Si la montée de l’islamisme, les dérives autoritaires du gouvernement ou encore l’arrivée de nombreux migrants syriens en Turquie à partir de 2011 sont évoquées par Mevlut et ses proches, c’est de manière presque anecdotique. Comme l’écho d’une rumeur lointaine qu’ils s’approprient comme ils peuvent. Selon leurs moyens intellectuels, entre une tournée de boza ou de yaourt, un service dans un petit restaurant de döner et de brefs moments d’intimité. Plus encore que les autres, Mevlut échappe à tout clan politique. Ou, plutôt, il oscille sans s’impliquer davantage auprès des militants kurdes fréquentés dans sa jeunesse que du cheikh soufi chez qui il se réfugie parfois à l’âge adulte.
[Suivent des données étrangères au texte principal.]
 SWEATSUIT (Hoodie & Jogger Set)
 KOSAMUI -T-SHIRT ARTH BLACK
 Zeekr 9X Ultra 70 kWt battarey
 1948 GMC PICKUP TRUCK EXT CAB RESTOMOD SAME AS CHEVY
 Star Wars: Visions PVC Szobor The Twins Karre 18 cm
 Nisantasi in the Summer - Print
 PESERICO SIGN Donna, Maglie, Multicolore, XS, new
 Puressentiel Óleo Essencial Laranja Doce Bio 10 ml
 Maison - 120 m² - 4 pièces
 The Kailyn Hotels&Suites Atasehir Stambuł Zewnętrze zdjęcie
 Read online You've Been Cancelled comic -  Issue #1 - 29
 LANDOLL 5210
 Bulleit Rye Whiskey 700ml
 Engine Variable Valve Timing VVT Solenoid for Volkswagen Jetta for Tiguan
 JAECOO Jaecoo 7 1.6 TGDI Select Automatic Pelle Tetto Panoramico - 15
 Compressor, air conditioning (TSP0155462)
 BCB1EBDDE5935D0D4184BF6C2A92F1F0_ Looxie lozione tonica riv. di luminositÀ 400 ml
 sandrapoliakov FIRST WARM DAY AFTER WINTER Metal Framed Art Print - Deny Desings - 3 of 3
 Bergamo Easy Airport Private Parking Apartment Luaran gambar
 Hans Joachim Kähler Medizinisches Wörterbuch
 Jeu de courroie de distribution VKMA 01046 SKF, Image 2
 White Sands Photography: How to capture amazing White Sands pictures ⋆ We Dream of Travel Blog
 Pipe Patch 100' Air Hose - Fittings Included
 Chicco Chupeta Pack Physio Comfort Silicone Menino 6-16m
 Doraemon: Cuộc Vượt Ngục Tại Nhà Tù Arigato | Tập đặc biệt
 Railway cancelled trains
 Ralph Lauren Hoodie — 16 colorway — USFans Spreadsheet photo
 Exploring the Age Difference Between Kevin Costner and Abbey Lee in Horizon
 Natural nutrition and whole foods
Depuis son enlèvement à demi manqué, Mevlut a toujours un temps de retard sur les autres. Il débute dans la vente ambulante de yaourt juste avant que soient commercialisés des produits en pots de verre ou de plastique, et se lance dans la boza alors que le raki est en train de gagner les cafés et les foyers. Si ce léger anachronisme fait de lui une victime idéale du capitalisme en plein essor, Orhan Pamuk en fait aussi la qualité principale de son héros, sa poésie. Parmi les plus beaux passages du livre, ceux qui relatent les errances de Mevlut dans une ville qui se transforme au fil des pages ont un charme quasi-situationniste.

Grâce à ces parenthèses de hasard et de contemplation, Orhan Pamuk échappe à la noirceur. De justesse, mais avec panache. Habile équilibriste, il se place au bord du gouffre stambouliote d’hier pour dire celui d’aujourd’hui. Écrit à Istanbul malgré les menaces que fait régulièrement peser le gouvernement turc sur le romancier, Cette chose étrange en moi est l’équivalent des déambulations nocturnes et des amours de Mevlut : une liberté arrachée à une oppression quotidienne.

Cette chose étrange en moi, Orhan Pamuk, traduit du turc par Valérie Gay-Aksoy, Gallimard, 661 p., 25 euros.